Data provided -
+ + + + +

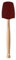LE CREUSET - Espatula Craft Colher Grande Garnet 42104289490000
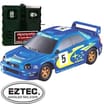 Remote Control Subaru Impreza WRC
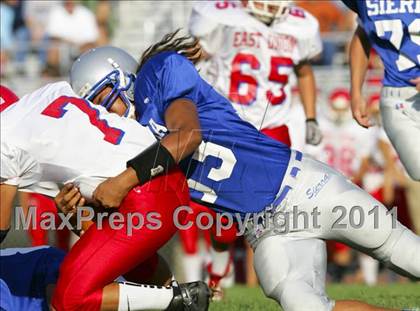 Thumbnail 3 in East Union @ Sierra photogallery.
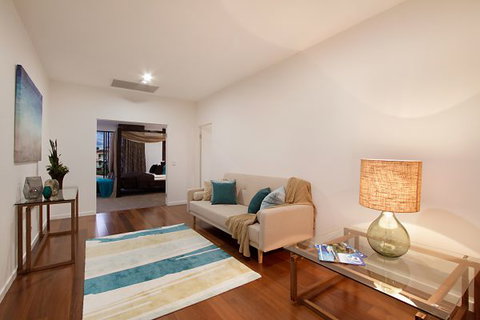 Oceans 74 - An Elite Holiday Home - Coogee Beach Accommodation 26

+ + + + +

Problem description - Only the pictures are to be left out; repeat all other material exactly.

Problem solution -
LE CREUSET - Espatula Craft Colher Grande Garnet 42104289490000
 Remote Control Subaru Impreza WRC
 Thumbnail 3 in East Union @ Sierra photogallery.
 Oceans 74 - An Elite Holiday Home - Coogee Beach Accommodation 26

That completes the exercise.